** WORK ORDER **
Begin at the line below that has "I hope you enjoyed". Stop after the line that has "While the app", repeating each line exactly and leaving out the pictures.

** RECORDS SHOWN **
^^^^

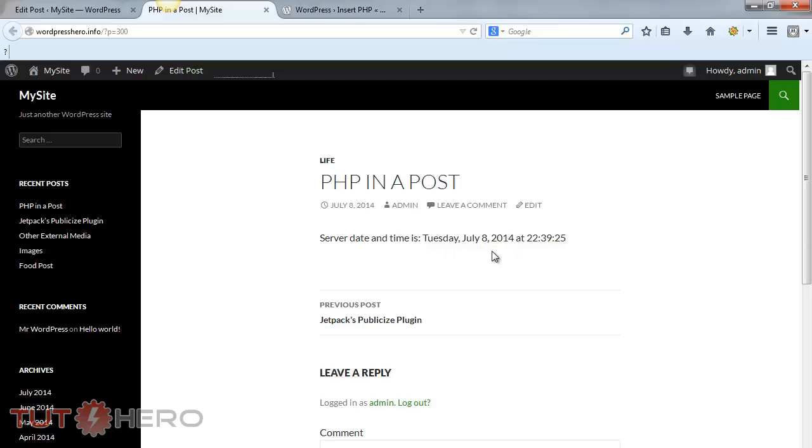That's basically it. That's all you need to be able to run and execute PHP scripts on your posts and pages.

^^^^

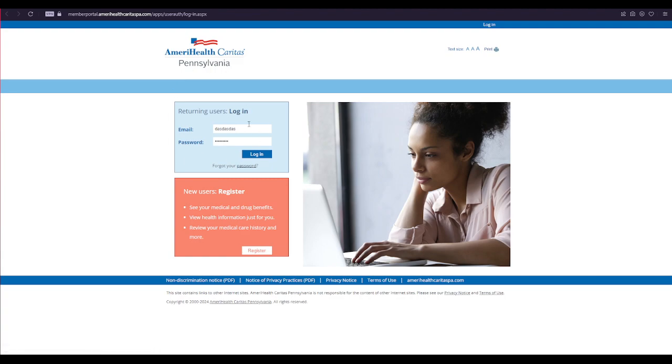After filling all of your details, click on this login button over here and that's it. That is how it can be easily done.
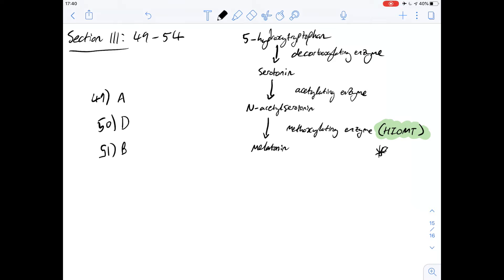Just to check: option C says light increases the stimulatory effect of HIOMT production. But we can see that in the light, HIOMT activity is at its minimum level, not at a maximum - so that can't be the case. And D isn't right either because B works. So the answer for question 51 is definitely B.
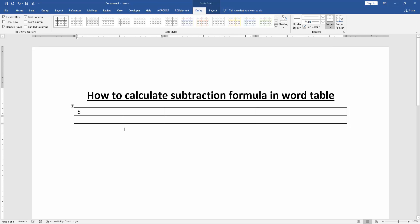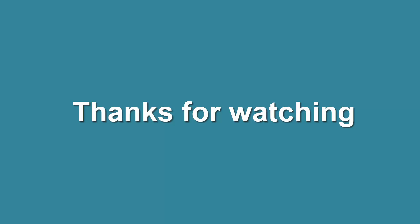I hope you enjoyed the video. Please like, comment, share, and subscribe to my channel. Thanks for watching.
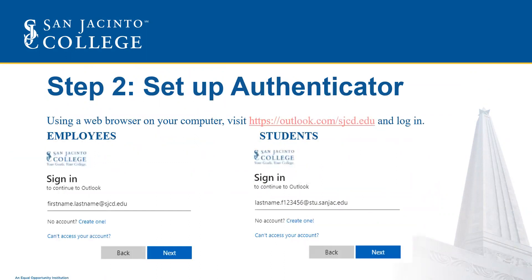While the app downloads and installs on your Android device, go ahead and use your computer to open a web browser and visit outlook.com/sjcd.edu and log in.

^^^^

** ANSWER TO THE PROBLEM **
I hope you enjoyed the video. Please like, comment, share, and subscribe to my channel. Thanks for watching.
While the app downloads and installs on your Android device, go ahead and use your computer to open a web browser and visit outlook.com/sjcd.edu and log in.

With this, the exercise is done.